In [1]:
import json

# read the dataset
# please enter the path of your data
split = 'train'
data_path = '/path/to/data/ALL/jsonl/' + split + '.jsonl'
data = []
with open(data_path) as f:
    for line in f:
        data.append(json.loads(line))
n_meetings = len(data)
print('Total {} meetings in the {} set.'.format(n_meetings, split))

Total 162 meetings in the train set.


In [2]:
from nltk import word_tokenize
# tokneize a sent
def tokenize(sent):
    tokens = ' '.join(word_tokenize(sent.lower()))
    return tokens

In [3]:
# filter some noises caused by speech recognition
def clean_data(text):
    text = text.replace('{ vocalsound } ', '')
    text = text.replace('{ disfmarker } ', '')
    text = text.replace('a_m_i_', 'ami')
    text = text.replace('l_c_d_', 'lcd')
    text = text.replace('p_m_s', 'pms')
    text = text.replace('t_v_', 'tv')
    text = text.replace('{ pause } ', '')
    text = text.replace('{ nonvocalsound } ', '')
    text = text.replace('{ gap } ', '')
    return text

In [4]:
# process data for BART
# the input of the model here is the entire content of the meeting
bart_data = []
for i in range(len(data)):
    # get meeting content
    src = []
    for k in range(len(data[i]['meeting_transcripts'])):
        cur_turn = data[i]['meeting_transcripts'][k]['speaker'].lower() + ': '
        cur_turn = cur_turn + tokenize(data[i]['meeting_transcripts'][k]['content'])
        src.append(cur_turn)
    src = ' '.join(src)
    for j in range(len(data[i]['general_query_list'])):
        cur = {}
        query = tokenize(data[i]['general_query_list'][j]['query'])
        cur['src'] = clean_data('<s> ' + query + ' </s> ' + src + ' </s>')
        target = tokenize(data[i]['general_query_list'][j]['answer'])
        cur['tgt'] = target
        bart_data.append(cur)
    for j in range(len(data[i]['specific_query_list'])):
        cur = {}
        query = tokenize(data[i]['specific_query_list'][j]['query'])
        cur['src'] = clean_data('<s> ' + query + ' </s> ' + src + ' </s>')
        target = tokenize(data[i]['specific_query_list'][j]['answer'])
        cur['tgt'] = target
        bart_data.append(cur)
        
print('Total {} query-summary pairs in the {} set'.format(len(bart_data), split))
print(bart_data[2])
with open('/path/to/data/bart_' + split + '.jsonl', 'w') as f:
    for i in range(len(bart_data)):
        print(json.dumps(bart_data[i]), file=f)

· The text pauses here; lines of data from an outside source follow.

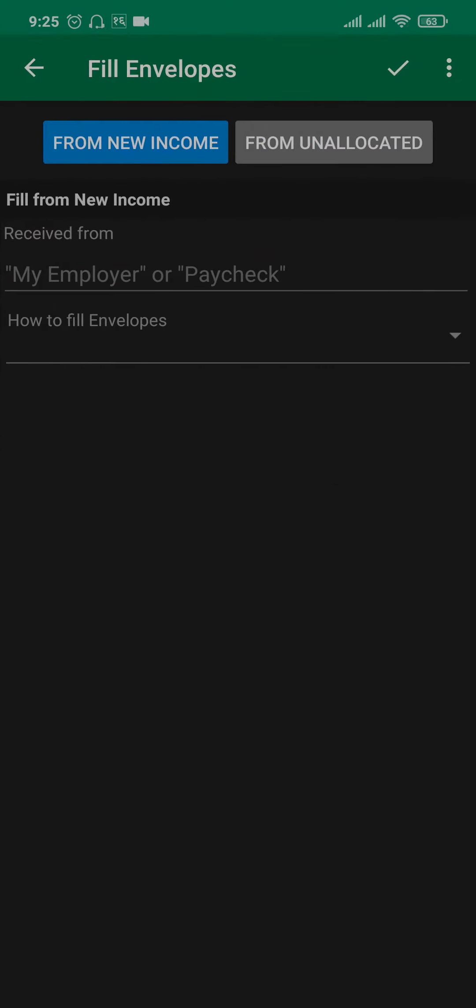Pick the 'from new income' option and you can name this anything you want. For now, I'm going to name it 'paycheck.' Tap on 'keep unallocated' and then fill in the amount.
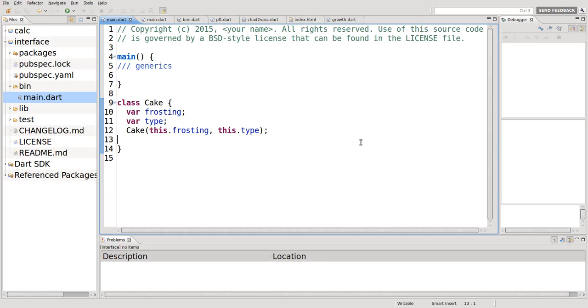Hi everyone, this is Richard. In this video we are going to go over generics. Generics is a way of typing your classes without knowing what the type is at the time until you actually instantiate it.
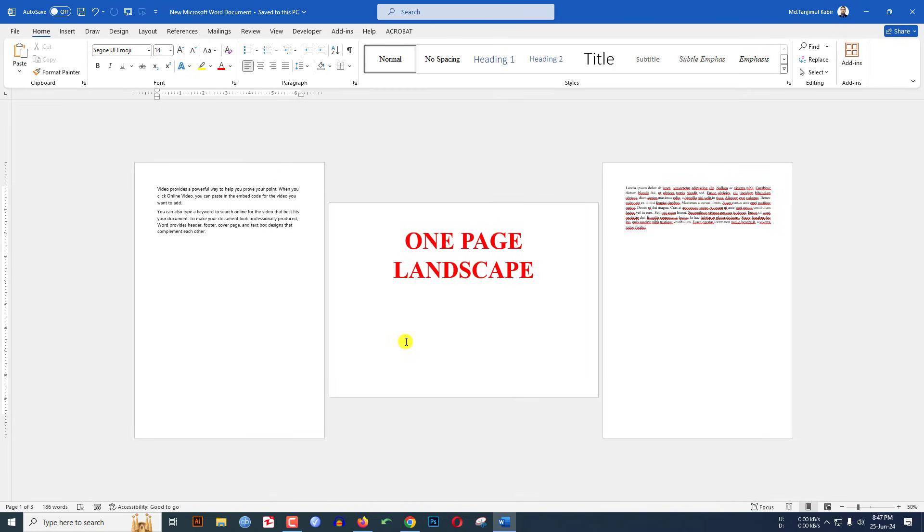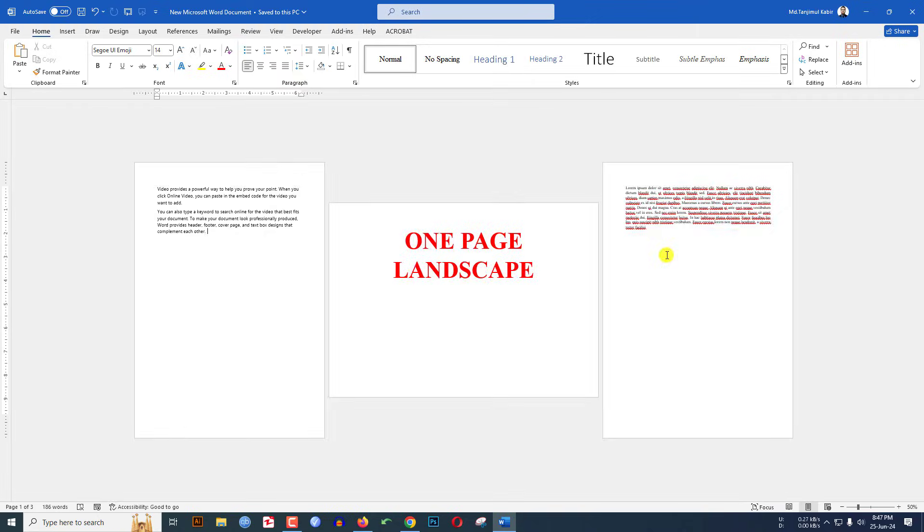In this tutorial you will learn how to make only one page landscape in Microsoft Word document. Here I have three pages: this one is portrait, the second one is landscape, and the third one is also portrait. I have made this in Microsoft Word document. To be an expert, watch the video till the end. Let's begin the topic.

Total 1257 query-summary pairs in the train set
{'src': "<s> what did user interface introduce about the detailed design of the prototype ? </s> project manager: welcome back . industrial designer: i 'm sorry to be late . project manager: welcome back everybody . user interface: yeah . thanks . project manager: so this meeting agenda will be the detailed design meeting . and uh opening and uh pms of the meet minutes , uh prototype presentation from uh christine and uh agnes . industrial designer: agnes , yes . project manager: yes and uh evaluation criteria . the finance , it 's uh from my side , from the management , and uh production evaluation . then uh closing . so we have forty minutes to discuss and uh finalise and close the product and project and to move further , okay , so okay , let 's talk about uh maybe first uh for the prototype . user interface: mm , okay . project manager: so i handle to user interface: i 've done a presentation , but it pretty much covers work that we '

In [5]:
# process data for BART
# the input of the model here is the gold span corresponding to each query
bart_data_gold = []
for i in range(len(data)):
    # get meeting content
    entire_src = []
    for k in range(len(data[i]['meeting_transcripts'])):
        cur_turn = data[i]['meeting_transcripts'][k]['speaker'].lower() + ': '
        cur_turn = cur_turn + tokenize(data[i]['meeting_transcripts'][k]['content'])
        entire_src.append(cur_turn)
    entire_src = ' '.join(entire_src)
    for j in range(len(data[i]['general_query_list'])):
        cur = {}
        query = tokenize(data[i]['general_query_list'][j]['query'])
        cur['src'] = clean_data('<s> ' + query + ' </s> ' + entire_src + ' </s>')
        target = tokenize(data[i]['general_query_list'][j]['answer'])
        cur['tgt'] = target
        bart_data_gold.append(cur)
    for j in range(len(data[i]['specific_query_list'])):
        cur = {}
        query = tokenize(data[i]['specific_query_list'][j]['query'])
        src = []
        # get the content in the gold span for each query
        for span in data[i]['specific_query_list'][j]['relevant_text_span']:
            assert len(span) == 2
            st, ed = int(span[0]), int(span[1])
            for k in range(st, ed + 1):
                cur_turn = data[i]['meeting_transcripts'][k]['speaker'].lower() + ': '
                cur_turn = cur_turn + tokenize(data[i]['meeting_transcripts'][k]['content'])
                src.append(cur_turn)
        src = ' '.join(src)
        cur['src'] = clean_data('<s> ' + query + ' </s> ' + src + ' </s>')
        target = tokenize(data[i]['specific_query_list'][j]['answer'])
        cur['tgt'] = target
        bart_data_gold.append(cur)
        
print('Total {} query-summary pairs in the {} set'.format(len(bart_data_gold), split))
print(bart_data_gold[2])
with open('/path/to/data/bart_' + split + '._gold.jsonl', 'w') as f:
    for i in range(len(bart_data_gold)):
        print(json.dumps(bart_data_gold[i]), file=f)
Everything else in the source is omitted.